Dataset records:
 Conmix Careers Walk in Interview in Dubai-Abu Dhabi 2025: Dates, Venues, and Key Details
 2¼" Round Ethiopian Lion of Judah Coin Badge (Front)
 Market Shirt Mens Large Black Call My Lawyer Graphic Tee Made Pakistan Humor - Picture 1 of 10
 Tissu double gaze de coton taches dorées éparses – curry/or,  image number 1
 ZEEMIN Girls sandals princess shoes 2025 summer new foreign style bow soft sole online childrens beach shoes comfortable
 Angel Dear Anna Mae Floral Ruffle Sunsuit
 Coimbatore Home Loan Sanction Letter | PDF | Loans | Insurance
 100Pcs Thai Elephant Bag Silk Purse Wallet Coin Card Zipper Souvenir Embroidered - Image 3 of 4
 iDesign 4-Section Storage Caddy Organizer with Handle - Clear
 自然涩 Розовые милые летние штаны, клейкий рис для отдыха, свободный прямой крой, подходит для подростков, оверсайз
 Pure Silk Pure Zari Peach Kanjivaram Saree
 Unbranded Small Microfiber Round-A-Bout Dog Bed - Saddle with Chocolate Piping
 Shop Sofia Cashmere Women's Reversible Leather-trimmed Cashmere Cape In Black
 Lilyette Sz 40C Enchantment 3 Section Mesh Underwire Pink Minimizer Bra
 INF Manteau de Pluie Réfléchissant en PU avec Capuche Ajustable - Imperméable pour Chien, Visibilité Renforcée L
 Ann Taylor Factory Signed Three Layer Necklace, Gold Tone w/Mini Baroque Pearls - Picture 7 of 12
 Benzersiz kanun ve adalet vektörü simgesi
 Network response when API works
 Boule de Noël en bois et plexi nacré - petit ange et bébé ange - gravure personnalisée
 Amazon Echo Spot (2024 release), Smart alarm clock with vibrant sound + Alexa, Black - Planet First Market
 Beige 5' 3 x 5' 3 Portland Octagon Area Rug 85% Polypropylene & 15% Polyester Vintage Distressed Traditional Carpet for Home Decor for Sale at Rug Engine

ACTIVITY: Please transcribe all of the data above exactly.

SOLUTION TO THE EXERCISE:
 Conmix Careers Walk in Interview in Dubai-Abu Dhabi 2025: Dates, Venues, and Key Details
 2¼" Round Ethiopian Lion of Judah Coin Badge (Front)
 Market Shirt Mens Large Black Call My Lawyer Graphic Tee Made Pakistan Humor - Picture 1 of 10
 Tissu double gaze de coton taches dorées éparses – curry/or,  image number 1
 ZEEMIN Girls sandals princess shoes 2025 summer new foreign style bow soft sole online childrens beach shoes comfortable
 Angel Dear Anna Mae Floral Ruffle Sunsuit
 Coimbatore Home Loan Sanction Letter | PDF | Loans | Insurance
 100Pcs Thai Elephant Bag Silk Purse Wallet Coin Card Zipper Souvenir Embroidered - Image 3 of 4
 iDesign 4-Section Storage Caddy Organizer with Handle - Clear
 自然涩 Розовые милые летние штаны, клейкий рис для отдыха, свободный прямой крой, подходит для подростков, оверсайз
 Pure Silk Pure Zari Peach Kanjivaram Saree
 Unbranded Small Microfiber Round-A-Bout Dog Bed - Saddle with Chocolate Piping
 Shop Sofia Cashmere Women's Reversible Leather-trimmed Cashmere Cape In Black
 Lilyette Sz 40C Enchantment 3 Section Mesh Underwire Pink Minimizer Bra
 INF Manteau de Pluie Réfléchissant en PU avec Capuche Ajustable - Imperméable pour Chien, Visibilité Renforcée L
 Ann Taylor Factory Signed Three Layer Necklace, Gold Tone w/Mini Baroque Pearls - Picture 7 of 12
 Benzersiz kanun ve adalet vektörü simgesi
 Network response when API works
 Boule de Noël en bois et plexi nacré - petit ange et bébé ange - gravure personnalisée
 Amazon Echo Spot (2024 release), Smart alarm clock with vibrant sound + Alexa, Black - Planet First Market
 Beige 5' 3 x 5' 3 Portland Octagon Area Rug 85% Polypropylene & 15% Polyester Vintage Distressed Traditional Carpet for Home Decor for Sale at Rug Engine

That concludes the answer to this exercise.